From the DW Flow, run a job (by clicking “Run Job” button) on the Advertising_Clickstream output for example.

Figure — Run a Dataprep job

When the “Advertising_Clickstream” job is complete, you can check in Jobs result page, from the “Webhooks” tab of the job, that the Webhook have been well triggered:

Figure — Dataprep job result and Webhook task completed

You can also check in Job results page, that the 2 jobs “Profiler Rules” and “Profiler Check” have been well started:

Figure — Dataprep jobs running from the “Profiling & Quality Rules Processing” Flow

And when these 2 “Profiler Rules” and “Profiler Check” jobs are complete, you can check into your 2 BigQuery tables, than Profiling and DQ Rules results have been well inserted in the tables:

Figure — Data Quality rules results in the Google BigQuery table

Finally, you can compare Data Quality rules in Dataprep UI with Data Quality rules in your Data Studio dashboard. It should be the same values.

Figure — Data Quality Rules result displayed in the Dataprep UI

Figure — Data Quality rules result displayed in the Google Data Studio dashboard

Conclusion

By achieving this step-by-step guide, you can now publish Dataprep Profiling and Data Quality Rules results to Google BigQuery tables, which further allows you to create a Data Studio dashboard that monitors Data Quality trends and displays the information to your broader team.
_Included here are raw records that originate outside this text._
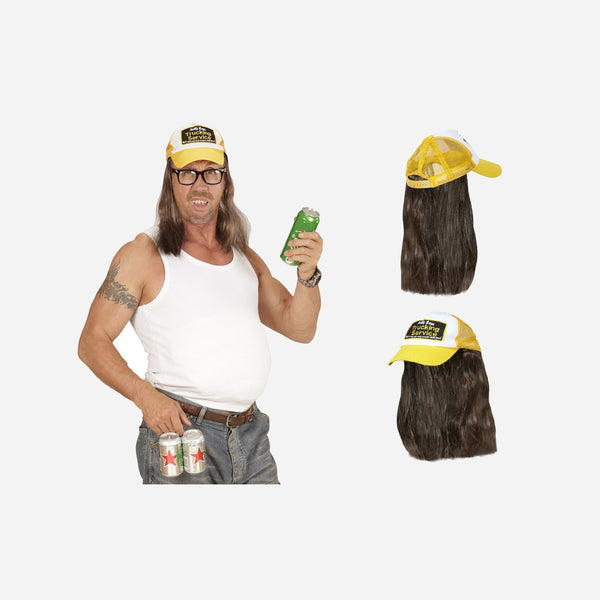 Casquette gag camionneur jaune avec cheveux longs adulte fantaisie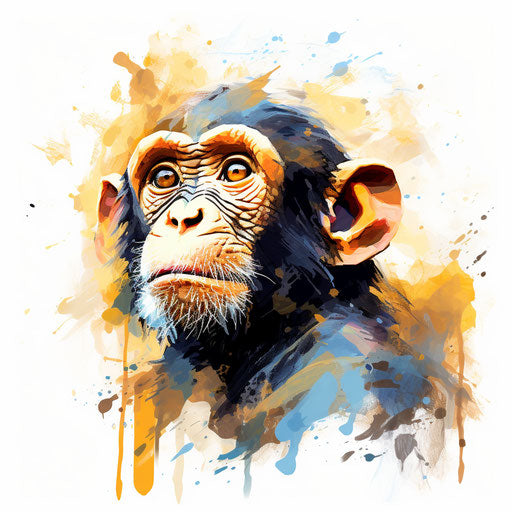 Monkey illustration in the style of Impressionistic Art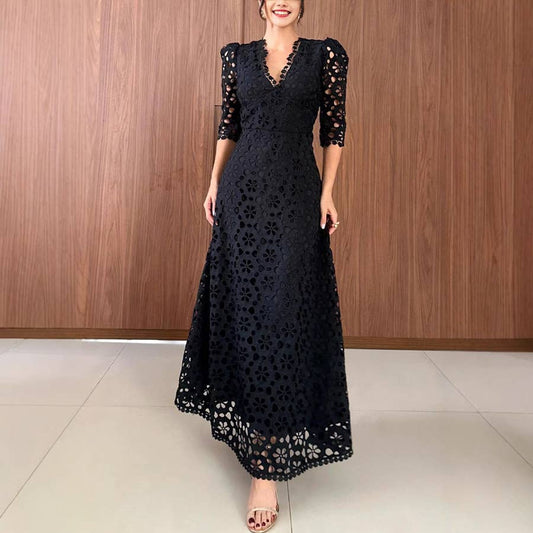 LACE HIGH-WAISTED FIVE-QUARTER SLEEVE V-NECK DRESS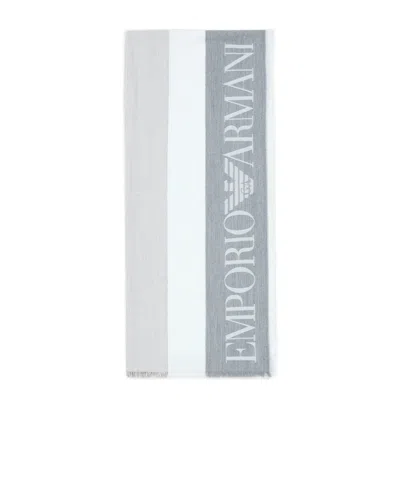 Emporio Armani Logo-jacquard Fringed Scarf In Multi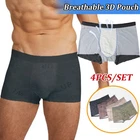 4PCS Breathable 3D Pouch Mens Boxer Briefs Shorts Underpants Underwear & Letters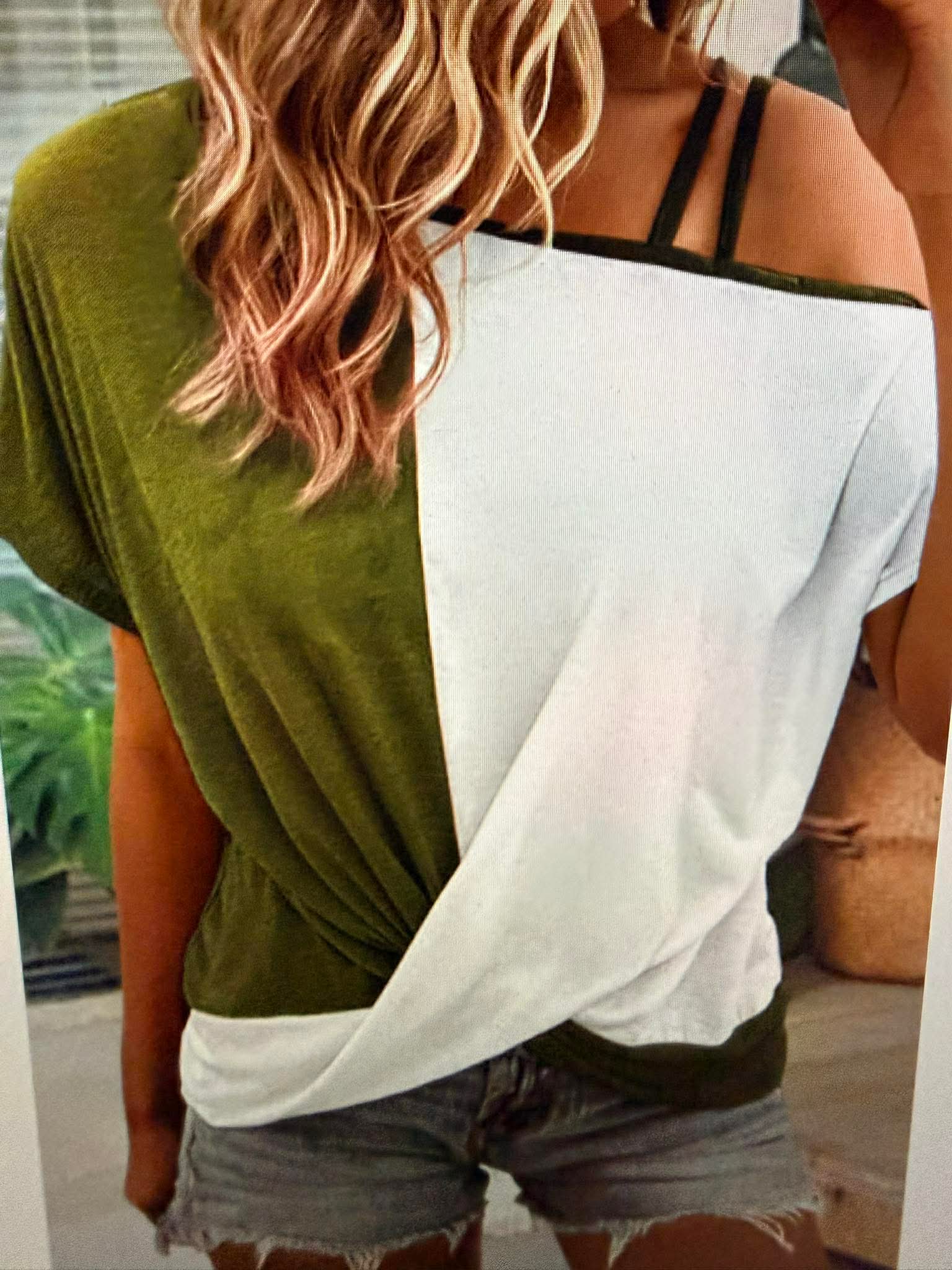 Green Asymmetric Twist Detail Top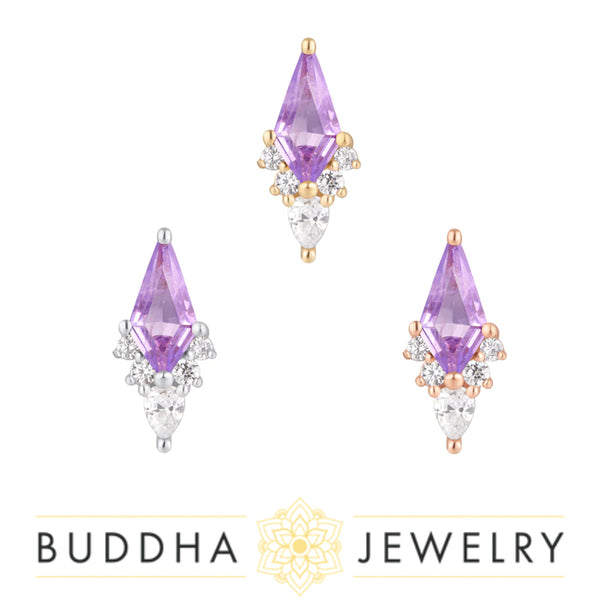 Buddha Jewelry Organics - Afterglow - Amethyst + CZ Threadless End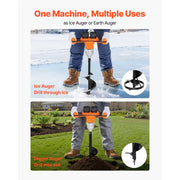 Charger l'image dans la visionneuse de galerie, Amocart Electric Ice Auger Cold-Resistant 2 in 1 Cordless Ice Fishing Augers and Earth Auger with 8" Ices & Earth Drill Bit
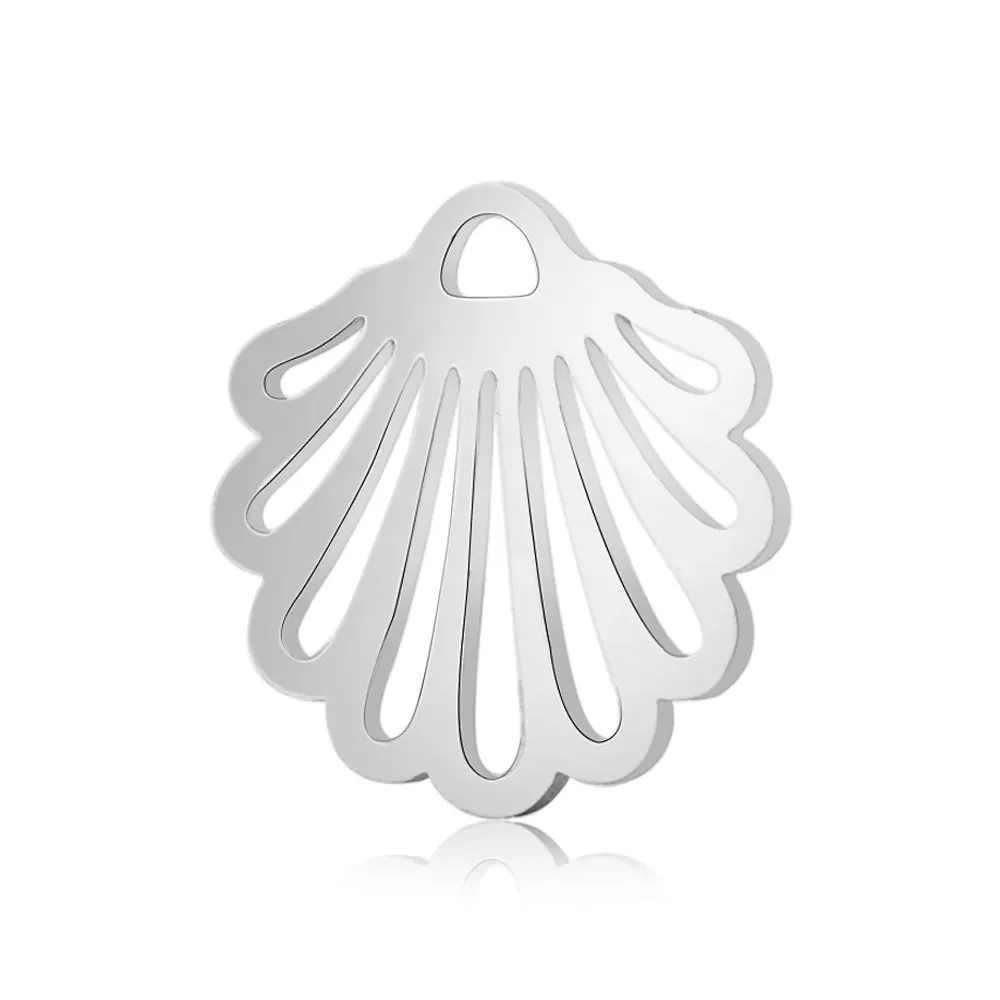 

Hot Sale 10Pcs/Bag Stainless Steel Hollow Out Polishing Conch Pendant Accessories 10pcs/bag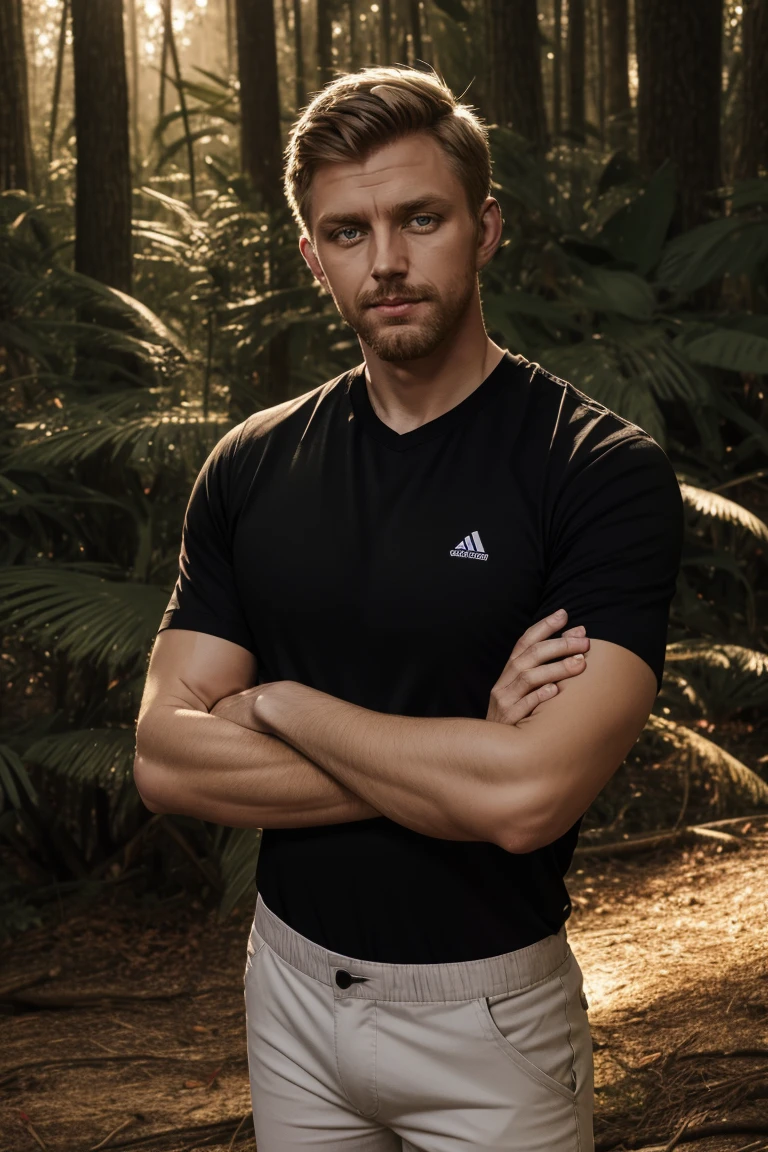 all, giant, middle-aged man wearing small shorts, um com regata branca e outro sem camisa, looking at a smaller man in the forest, photography and cinematic style, epiCRealism, (masterpiece), (best quality), high resolution, thin body, photographic texture, film effect , body texture, high sharpness, very hairy body. Inspirando-se na fotografia de Greg Rutkowski, maintain a high level of realism while highlighting the man's natural, rugged appearance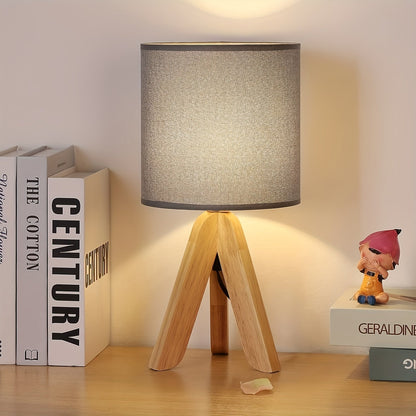 Nordic Wooden Tripod Table Lamp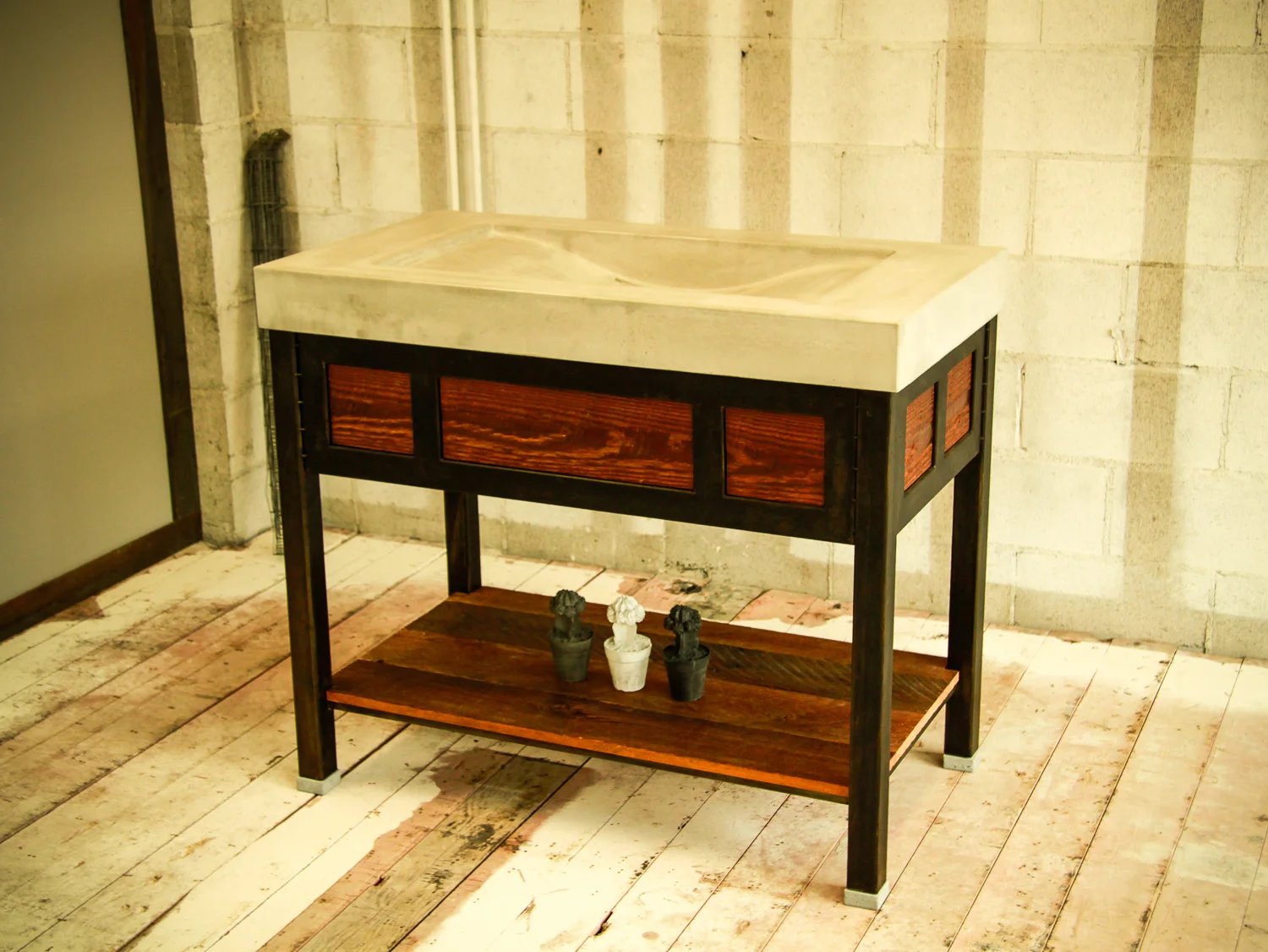 Wave Sink Steel Vanity Base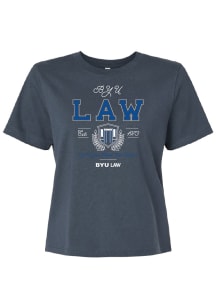 Summit Sportswear BYU Cougars Womens Navy Blue Midlength Short Sleeve T-Shirt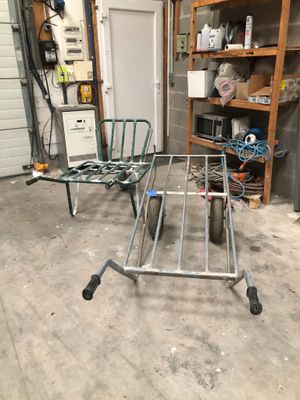 an image of a garage with a cart in the middle of the floor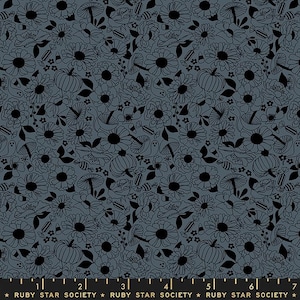 May include: A fabric with a dark blue background featuring a black floral pattern. The design includes pumpkins, flowers, mushrooms, ghosts, and candy. The text "RUBY STAR SOCIETY" is at the bottom.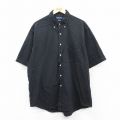 XL★古着 ラルフローレン Ralph Lauren 半袖 ブランド シャツ メンズ 90年代 90s ワンポイントロゴ TILDEN ゴルフ 大きいサイズ コットン ボタンダウン 黒 ブラック 25aug21 中古 トップス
You have learned some Cloud Dataprep advanced techniques about:

How to leverage Cloud Dataprep Profiling and Data Quality Results
Cloud Dataprep Webhook
Cloud Dataprep API

You can extend the solution to monitor additional Google Cloud services for an end-to-end data quality pipeline monitoring.

You are now ready to automate the monitoring of your entire Data Quality pipelines with Cloud Dataprep.